* [EXERCISE]
Of the records that follow, copy only the lines from the line containing "Olive green T-shirt" to the line containing "Ein Junge steht", both included, exactly as written.

----- INPUT RECORDS

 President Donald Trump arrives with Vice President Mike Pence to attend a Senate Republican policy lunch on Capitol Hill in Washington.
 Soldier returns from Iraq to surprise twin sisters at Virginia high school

----------
----- INPUT RECORDS

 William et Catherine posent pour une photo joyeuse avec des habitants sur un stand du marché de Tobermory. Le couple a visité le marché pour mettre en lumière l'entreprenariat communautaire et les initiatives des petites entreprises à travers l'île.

----------
----- INPUT RECORDS

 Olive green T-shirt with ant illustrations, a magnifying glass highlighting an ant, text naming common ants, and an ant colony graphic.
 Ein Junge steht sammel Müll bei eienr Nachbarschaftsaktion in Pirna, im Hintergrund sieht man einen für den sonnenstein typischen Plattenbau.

----------

* [TASK OUTPUT]
 Olive green T-shirt with ant illustrations, a magnifying glass highlighting an ant, text naming common ants, and an ant colony graphic.
 Ein Junge steht sammel Müll bei eienr Nachbarschaftsaktion in Pirna, im Hintergrund sieht man einen für den sonnenstein typischen Plattenbau.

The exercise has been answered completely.